This was EXACTLY my first thought!


----------



## PointyHaired Calvinist (Feb 21, 2012)

I say there are plenty of Presbyterian denominational names they can substitute "Baptist" for - think about it - BCUSA, BCUS, BCA, OBC, EBC, RBCNA (ok maybe not...) My wife pointed out the only problem is that they'll sound congested when they say their acronym...


----------



## bookslover (Feb 21, 2012)

If the denomination wants to change it's name, what's wrong with "Ralph?"


----------



## Backwoods Presbyterian (Feb 21, 2012)

Ralph already founded a denomination... Ralph Erskine.


----------



## DMcFadden (Feb 21, 2012)

GulfCoast Presbyterian said:


> Rich Koster said:
> 
> 
> > I hope they don't go for Sou, to keep in step with Cru.
> ...





When the ABC of the Pacific Southwest judicatory withdrew from the American Baptists a few years ago, they went with "Transformation Ministries." I assume that "fighters not lovers," "where two or three or gathered, we have at least four opinions," or even "have hairspray will travel, can I have an 'amen'?" were already taken, so the SBC went with a trendier term: Great Commission Baptists. At least they did not go the whole way and capitulate to the fad de jour and call themselves "Missional Baptists."
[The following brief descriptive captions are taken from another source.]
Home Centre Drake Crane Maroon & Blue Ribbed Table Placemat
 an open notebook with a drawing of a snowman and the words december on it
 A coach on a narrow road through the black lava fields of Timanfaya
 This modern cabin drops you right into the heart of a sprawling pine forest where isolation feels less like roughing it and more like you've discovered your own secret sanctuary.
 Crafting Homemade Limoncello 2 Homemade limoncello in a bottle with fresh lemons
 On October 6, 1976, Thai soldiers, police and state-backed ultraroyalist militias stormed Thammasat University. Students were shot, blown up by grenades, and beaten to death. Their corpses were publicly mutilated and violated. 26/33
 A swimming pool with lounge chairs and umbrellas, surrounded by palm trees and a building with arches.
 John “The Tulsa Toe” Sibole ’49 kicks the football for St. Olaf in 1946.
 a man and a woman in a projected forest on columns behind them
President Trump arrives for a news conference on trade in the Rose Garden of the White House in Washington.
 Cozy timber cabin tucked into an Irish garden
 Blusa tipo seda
Just think, they could have been the "Missional Movement of Post-this, that, and the other thing, Emergent, Coolniks."


----------



## au5t1n (Feb 21, 2012)

AThornquist said:


> It will be so good to be distinguished from the non-Great Commission baptists.



This will help to sort out Baptist soteriology:

Great Commission Baptists: Arminian
Great Commandment Baptists: Liberal
Great Expectations Baptists: Pelagian

What should the Reformed Baptists be called?


----------



## GulfCoast Presbyterian (Feb 22, 2012)

austinww said:


> What should the Reformed Baptists be called?



Orthodox.


----------



## Organgrinder (Feb 24, 2012)

This is so wonderful. Now I get to tell folks that I'm theologically Reformed but that I go to a Great Commission Baptist Church. They'll all think I changed denominations and I still sit in the same pew. They will also ask, I thought you wanted to join the OPC? 

Anybody remember Bold Mission Thrust from back in the 70s when everyone in the world was to hear the Gospel by 2000? Did it work? 

So does this mean that Southern Pacific Railroad and Southern Living magazine will change their names too? What will they call Southern Gospel music?


----------



## Edward (Feb 24, 2012)

Organgrinder said:


> So does this mean that Southern Pacific Railroad and Southern Living magazine will change their names too?



What Southern Pacific Railroad? They have Union Pacific on the trains now. And Southern Living is very much a regional publication (even the Texas version doesn't have some of the good stuff you get in the deep south). Southern Gospel is also regional, so a name change wouldn't be needed there, unless the genre wanted to expand into the Seattle coffee houses.


----------



## DMcFadden (Feb 24, 2012)

*What will they call Southern Gospel music?*

Heavenly Hillbilly?
Country Christian?
Toothless Trinitarian?
Bluegrass Backslider?
Big Hair Harmonies?
Charismatic Carols?
Baptist Bluegrass?
Holiness Harmonies Homecoming?
Sweaty Spirituals?


----------



## JP Wallace (Feb 24, 2012)

austinww said:


> What should the Reformed Baptists be called?



There's already a name for them in the SBC...hypercalvinist


----------



## he beholds (Feb 24, 2012)

I think that's fine. I'd have no problem with the PCA not using "in America" in our name. It's not like the Southern part of the name is the part that is Christian--sorry to burst your bubble my southern friends. In giving an optional alternate name, they are saying that they are more than Southern, not less than Christian.


----------